Aujourd'hui, Dieu merci, des bien-pensant.e.s tentent de la simplifier. Voyez d'ailleurs avec la narration de ce fait divers : «la lieutenante-colonelle des sapeurs-pompiers et des sapeuses-pompières a houspillé les agent.e.s d'entretien auteur.ices d'un début d'incendie dans la caserne avant d'en confier la réfection à la plombière-zingueuse en cheffe et ses employé.e.s zélé.e.s». Un grand merci aux grammairiennes et aux grammairiens dérangeant.e.s, euh, pardon, dégenrant.e.s. Gaffe aux lapsus ! En effet aujourd'hui on dégenre à tout va. Et bientôt d'ailleurs les femmes seront admises à participer aux concours de «cellui» qui pissera le plus loin.

Avec les mots, les phrases, on cause et on écrit. Mais pas forcément bien, comme on vient de le voir ou comme l'illustre le bide sur bide des œuvres de Bernard-Henri. Heureusement pour la littérature dans la langue de Molière, il y a Dumas, Camus, Céline, Le Clézio et bien d'autres.
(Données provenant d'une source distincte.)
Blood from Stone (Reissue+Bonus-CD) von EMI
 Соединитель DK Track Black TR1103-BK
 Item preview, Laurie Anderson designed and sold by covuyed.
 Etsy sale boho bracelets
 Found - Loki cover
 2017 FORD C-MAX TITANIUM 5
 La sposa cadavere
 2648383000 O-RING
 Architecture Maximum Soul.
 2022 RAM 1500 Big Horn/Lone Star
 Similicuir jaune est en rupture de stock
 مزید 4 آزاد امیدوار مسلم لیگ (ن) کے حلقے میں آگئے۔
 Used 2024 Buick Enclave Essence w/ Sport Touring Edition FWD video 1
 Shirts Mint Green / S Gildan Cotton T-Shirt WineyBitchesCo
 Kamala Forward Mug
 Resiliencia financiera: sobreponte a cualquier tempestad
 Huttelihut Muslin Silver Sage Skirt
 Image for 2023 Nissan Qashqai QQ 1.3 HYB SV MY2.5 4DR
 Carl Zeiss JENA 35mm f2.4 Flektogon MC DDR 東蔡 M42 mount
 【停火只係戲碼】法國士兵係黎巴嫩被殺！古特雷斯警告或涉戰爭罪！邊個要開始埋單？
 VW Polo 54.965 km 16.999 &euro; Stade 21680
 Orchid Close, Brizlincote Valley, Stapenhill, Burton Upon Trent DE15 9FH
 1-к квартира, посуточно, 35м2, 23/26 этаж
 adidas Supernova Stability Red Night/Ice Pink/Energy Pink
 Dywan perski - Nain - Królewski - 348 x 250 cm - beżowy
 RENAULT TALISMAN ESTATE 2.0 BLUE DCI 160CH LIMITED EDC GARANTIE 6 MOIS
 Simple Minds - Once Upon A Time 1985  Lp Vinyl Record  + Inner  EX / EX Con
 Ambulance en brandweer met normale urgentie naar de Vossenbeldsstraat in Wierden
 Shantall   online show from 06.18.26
Il est dit que Marcel Proust est le plus grand écrivain français du XXe siècle avec Céline. En tout cas, il en est probablement le plus pingre. Il n'y a qu'à s'en référer au fameux bas de laine de Proust. Grand écrivain, peut-être, cependant d'aucuns affirment qu'il est ennuyeux. Propos certes un poil péremptoire, mais qu'en est-il au juste ? Pour le savoir il faut le lire. Ce que j'ai fait avec “Un amour de Swann”, le plus facile d'accès, paraît-il. En voici donc une brève analyse, vachement objective, ça va de soi : 280 pages d'une traite, pas de chapitres, pas de paragraphes, comme une randonnée sans aucune halte. La distance qui sépare deux points est impressionnante, ce qui demande un constant effort de concentration, comme une randonnée sans aucune halte avec un sac à dos bien lourd. L'intrigue se déroule du salon à la chambre, de la chambre au boudoir et du boudoir au salon, comme une randonnée sans aucune halte avec un sac à dos bien lourd en rond autour d'un terrain vague. L'Histoire narre les dérisoires variations des états d'âme du héros, comme une randonnée sans aucune halte avec un sac à dos bien lourd en rond autour d'un terrain vague en compagnie d'un manant qui n'arrête pas de causer. Pourtant j'aime bien les randonnées et les voyages au bout de la nuit. Et Céline, justement, résume Proust en quelques mots truculents : «Trois cents pages pour faire comprendre que Tuture encule Tatave, c'est trop». Bref, j'ai acquis le droit de dire que Proust est chiant.

Cela dit, il ne s'agit là que d'un avis. D'autres ont qualifié l'oeuvre de Proust d'architecturale, d'organique, d'éclatante, de vitale, de musicale. Musicale au point même d'être comparée à une symphonie. D'ailleurs la «sonate de Vinteuil», plusieurs fois évoquée dans son œuvre, est proustienne mais fictive. Personne ne l'a écoutée donc. Aurait-elle été raccord avec son écriture ? Personnellement je m'en fous, j'aime bien la Symphonie du Nouveau Monde de Dvorak et les blues rocks endiablés de Led Zeppelin.

Longtemps je me suis couché sans lire Proust.
J'ai lu Proust. Un peu.
Longtemps je me coucherai sans lire Proust.